Joseph and Barbara Sudik

   Joseph Sudik, born in Zelezna, County Unhost, November 10, 1859, son of Vaclav (mentioned above) and Mary (Bartos) Sudik. He came with them to Omaha in November, 1875. The father bought a farm in Colfax County, nine miles northeast of Schuyler, where the whole family moved February 1, 1876. January 21, 1882 Joseph Sudik married Barbara Jonas, daughter of Anton Jonas, who had brought his family to Colfax County in April, 1881, and whose brothers, Frank J. and George Jonas, were already living there. Sudiks farmed on eighty acres of railroad land until 1909, when they retired to Schuyler, where they now live.

F.H. Svoboda

   F. H. Svoboda, who at one time published the first and only Czech juvenile magazine in our state (Zlata Hvezda--The Golden Star), as described in the chapter on publications, at present is proprietor of a photographic gallery. He was born in Kynice, Moravia, in 1871. With his parents he emigrated to Saunders County, Nebraska, In 1872. He attended public school, then prepared himself for the teaching profession in Fremont, where he also studied Czech. He became a teacher and having married Miss Clara Gruntorad (1895), moved to Prague, Saunders County, where he taught school five years, during four of which he was principal. He taught Czech on Fridays.
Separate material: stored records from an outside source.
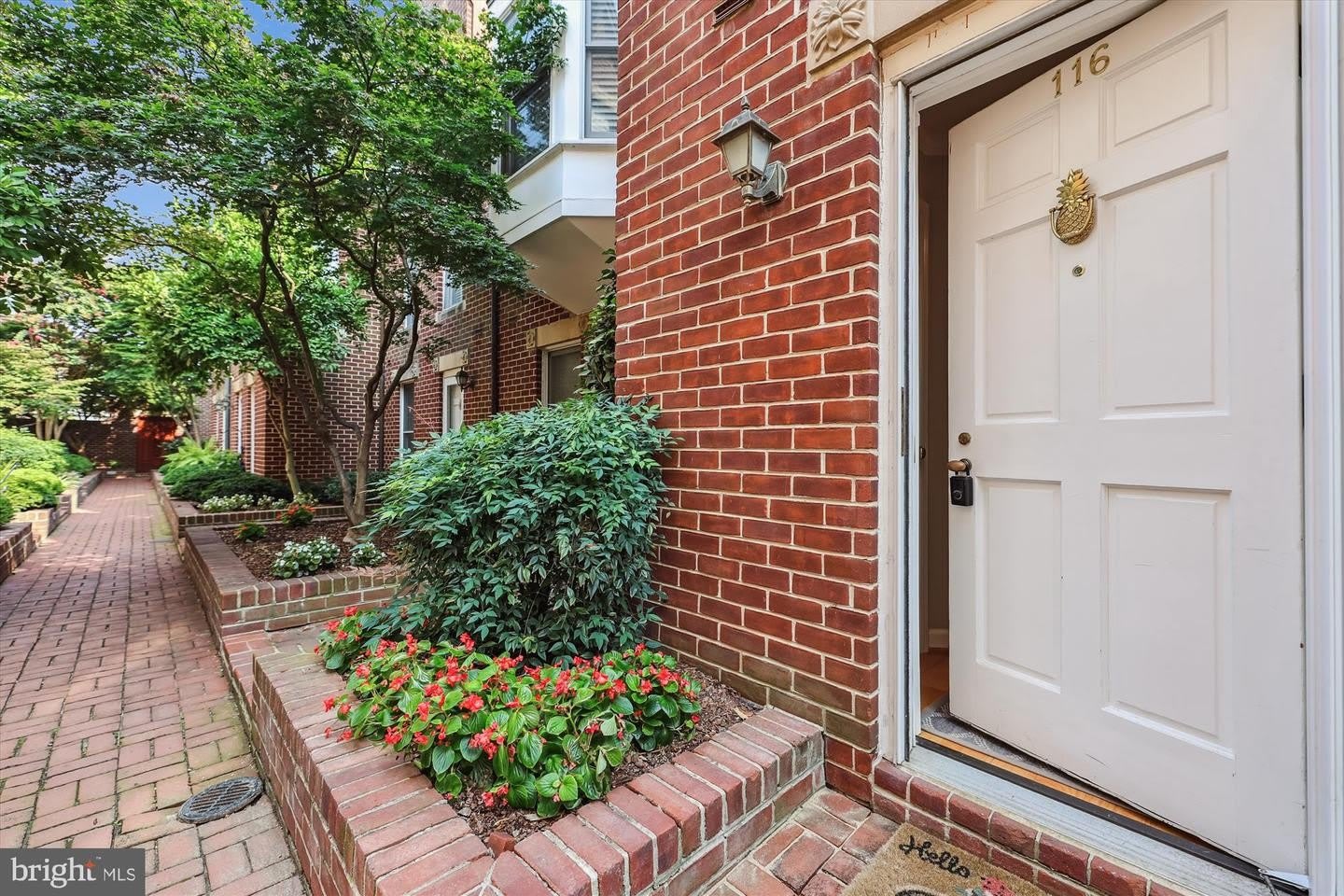 116 N UNION ST – photo 2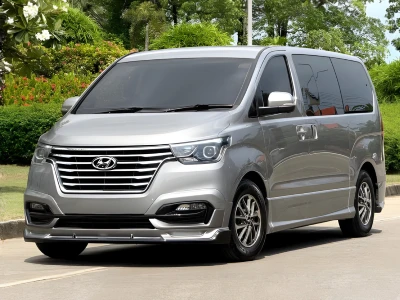 เช่ารถตู้ VIP พร้อมคนขับ (Hyundai)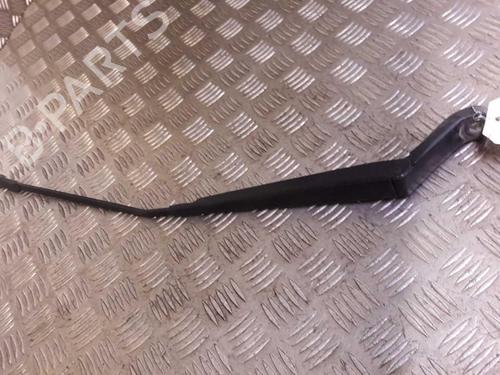 Used Front windshield wiper arm PEUGEOT 407 SW (6E_, 6D_) 2.0 HDi 135 (136 hp) 23656592
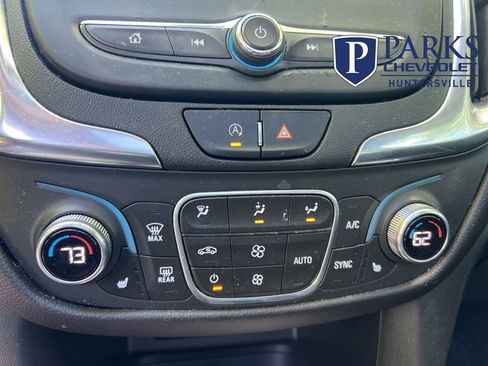 Used 2022 Chevrolet Equinox LT image 30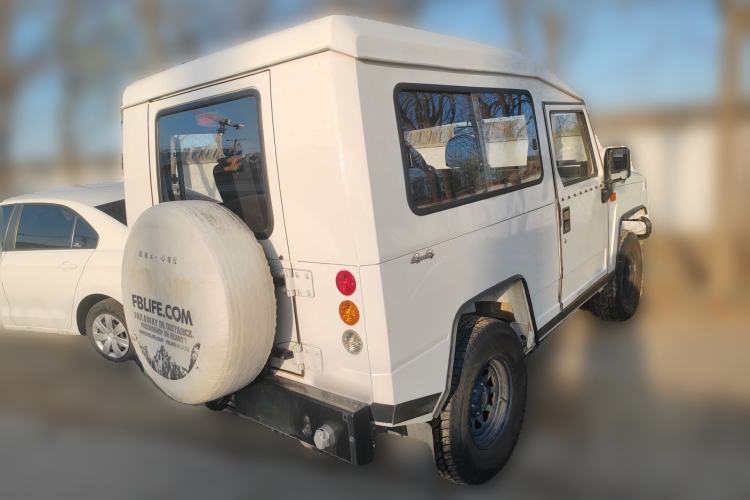 Used BAW Warrior 2021 2.4T Three-Door Four-Wheel Drive Short Wheelbase Gasoline Version China VI Emission Standard Rear Right 45 Deg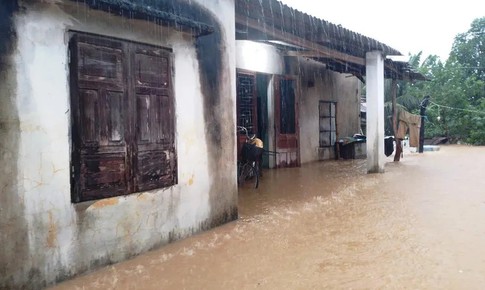 B&#227;o số 15 sẽ suy yếu th&#224;nh &#225;p thấp nhiệt đới ngay tr&#234;n biển nhưng g&#226;y mưa từ B&#236;nh Định (cũ) đến Kh&#225;nh H&#242;a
Then he moved to Schuyler, where he began to publish "The Golden Star", thus realizing a dream of many years, but was unsuccessful after all, from the financial view. He again taught school, then engaged in photography and in 1909 began to publish the Schuyler Messenger. In 1920 he was succeeded by his son, Amos, whereupon he resumed photography. His brother, Peter F. Svoboda, born in 1873, is a member of the undertaking firm Svoboda & Son. He attended the state university and in 1894 married Miss Agnes Roh, who died in 1916. In 1918 he married Mrs. Mary Bukacek. He farmed his father's farm until 1918, when he handed it over to his son. His partner in the undertaking business is his stepson, Ludwig Bukacek.

   F. J. Divis, son of a Butler County pioneer, Joseph Divis, was born 1858 in Litovany, Moravia. In 1880 he began to farm on Shell Creek and in 1924 retired to Schuyler.